Toddler, or baby, acne is extremely rare. Many newborns have minor amounts of reddened blemishes that appear on their faces one to two months after they're born. However, the blemishes are very small, are not often cause for concern and vanish within a few days or weeks. If you have taken your baby to the pediatrician and still feel that these bumps are unsightly, the best thing you can do to treat the problem is to keep your baby's or toddler's face clean. Use the same mild cleanser that you use on your toddler during bath time. Wipe the toddler's face with a washcloth and warm water to remove excess dirt. Then apply some of the cleanser to the washcloth and gently move the washcloth around the child's face. Wash it once more with warm water to remove the cleanser and any lingering dirt.
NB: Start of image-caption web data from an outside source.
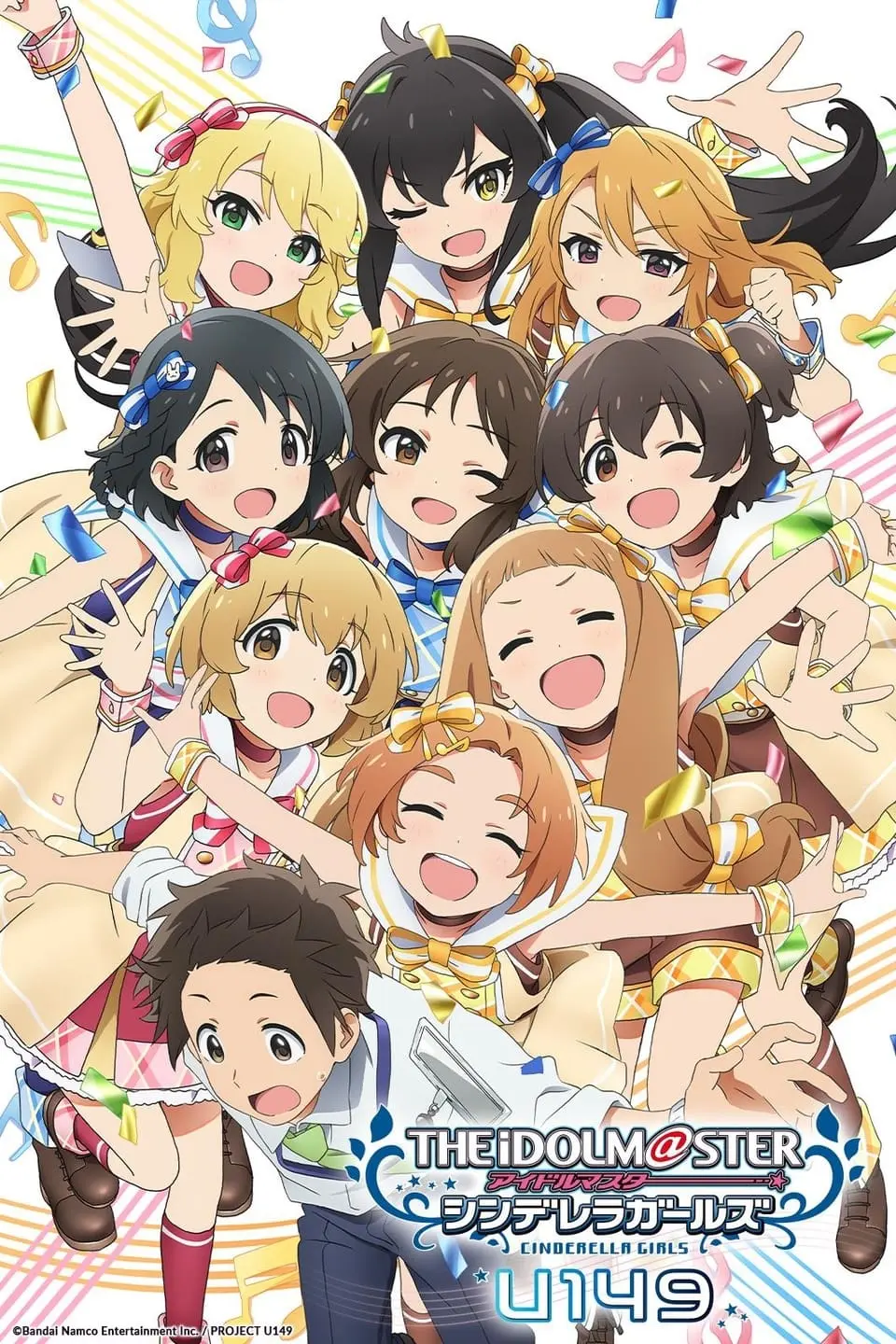 THE IDOLM@STER CINDERELLA GIRLS U149_peliplat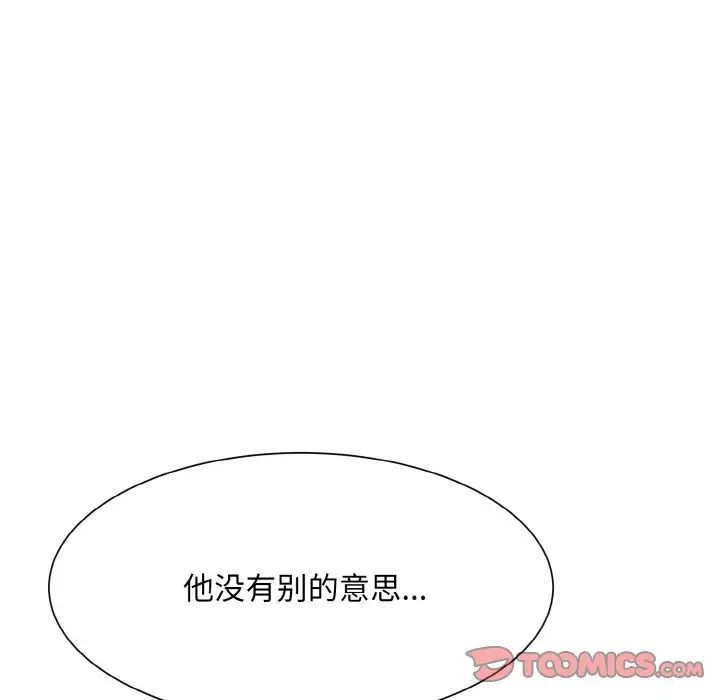 《眷恋》漫画 第13話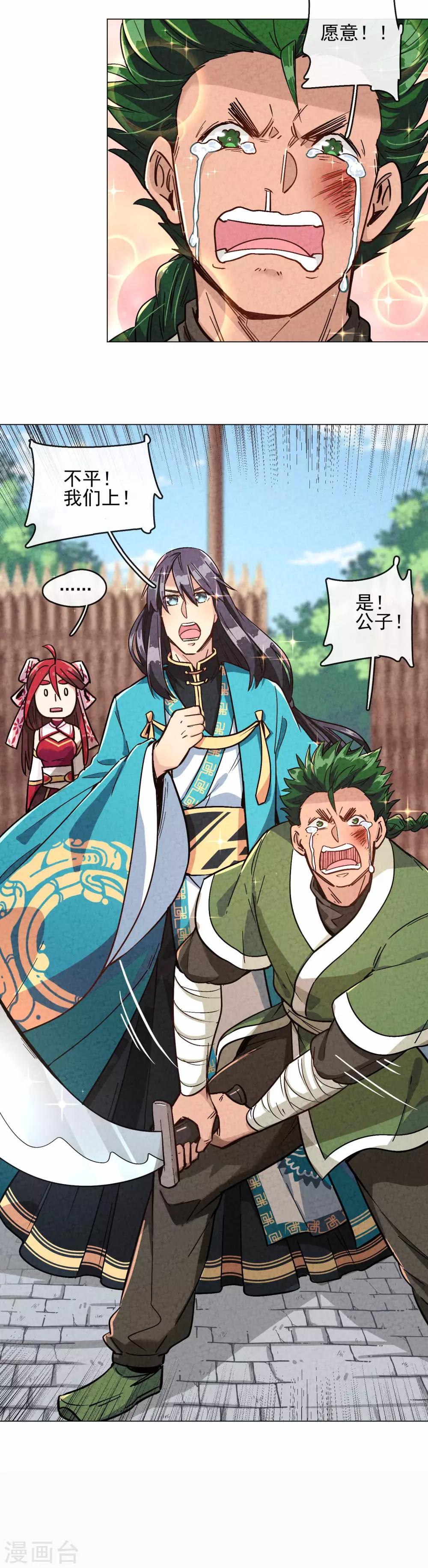 第11话 惨遭路见不平-第13话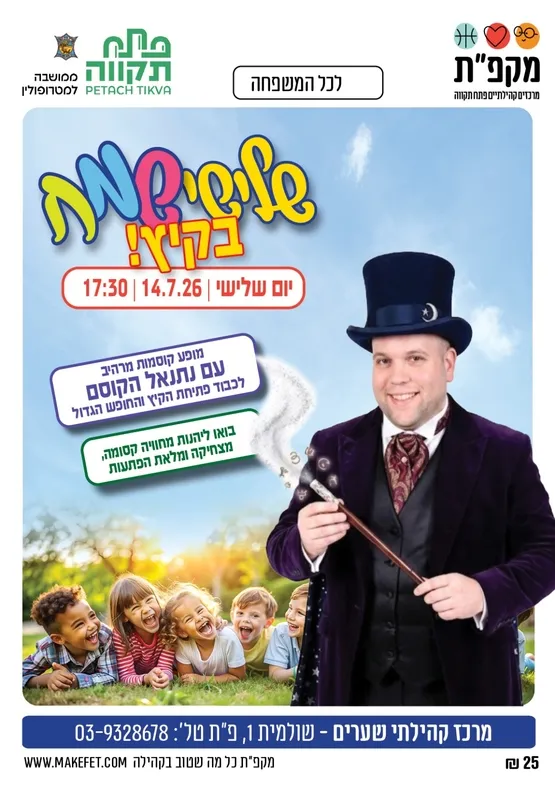 מופע קוסמות בשערים שלישי שמח בקיץ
Not a lot can be done to prevent the little red bumps that may naturally occur on newborns and toddlers. To prevent any further irritation, be sure to keep your child's mouth clean after meal times and snacks. Wipe his face when he wakes up from a nap or in the morning to prevent any drool or irritants from his sheets or pillow from remaining on his face. Limit the amount of products you use on his face, including baby oils, lotions and sunscreens. Although sunscreen application can be necessary, choose one that is hypoallergenic, keep your child out of the direct sun, or rely on hats, sunglasses and shade to compensate for minimal sunscreen use.
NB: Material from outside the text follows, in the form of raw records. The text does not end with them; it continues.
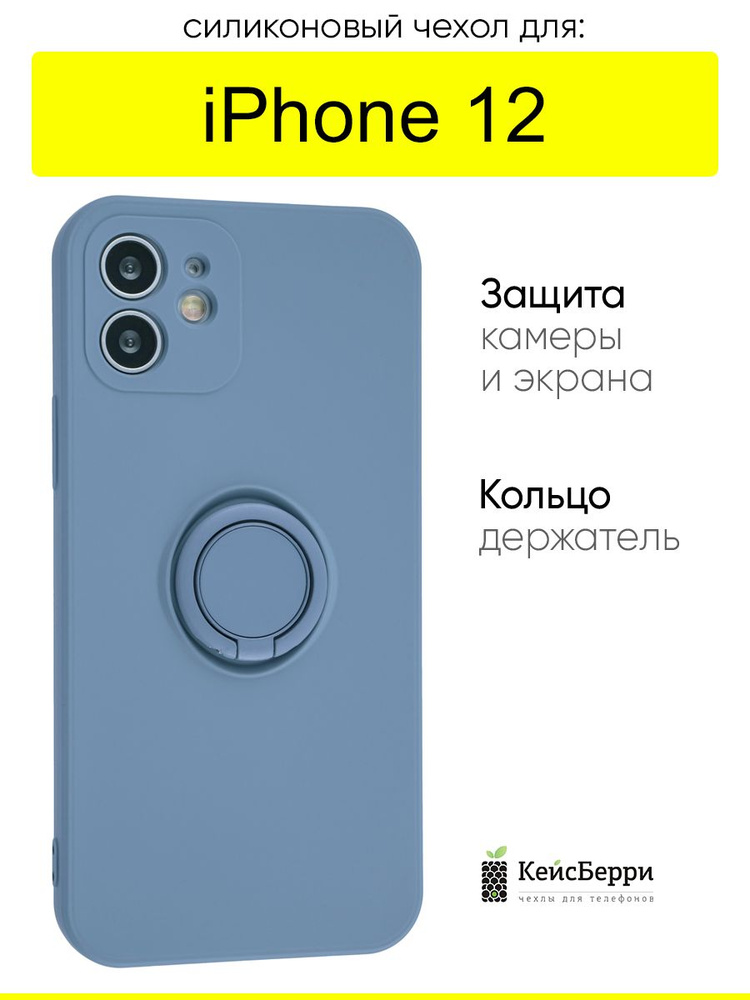 Чехол для iPhone 12, серия Stocker #1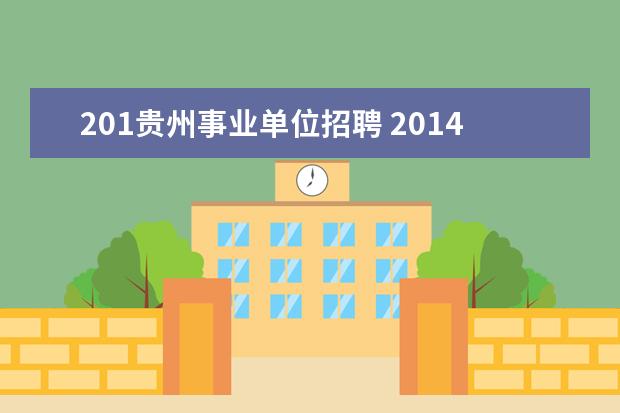 201贵州事业单位招聘 2014贵州贵阳白云区事业单位招聘考试时间安排? - 百...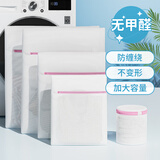 LYNN洗衣袋 洗衣机专用细网兜洗护袋防变形大号网袋内衣毛衣清洁袋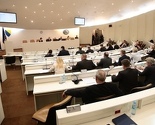 Poslanici Predstavničkog doma PSBiH prihvatili izjavu Predsjedništva BiH o evropskom putu BiH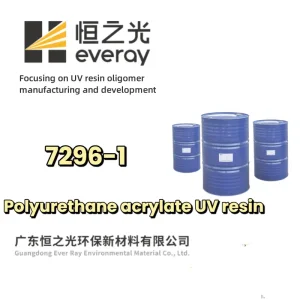 Buy 7296-1 Polyurethane Acrylate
True cases of acne in a baby or toddler do not happen frequently. Commonly, parents will mistake eczema, or atopic dermatitis, for acne. Unlike acne, eczema is usually hereditary and results in outbreaks that occur when the individual comes into contact with something that he is allergic to or that irritates his skin. Eczema outbreaks can be reduced by keeping the toddler away from items that are known to irritate his skin and by having him tested for common food and environmental allergies early.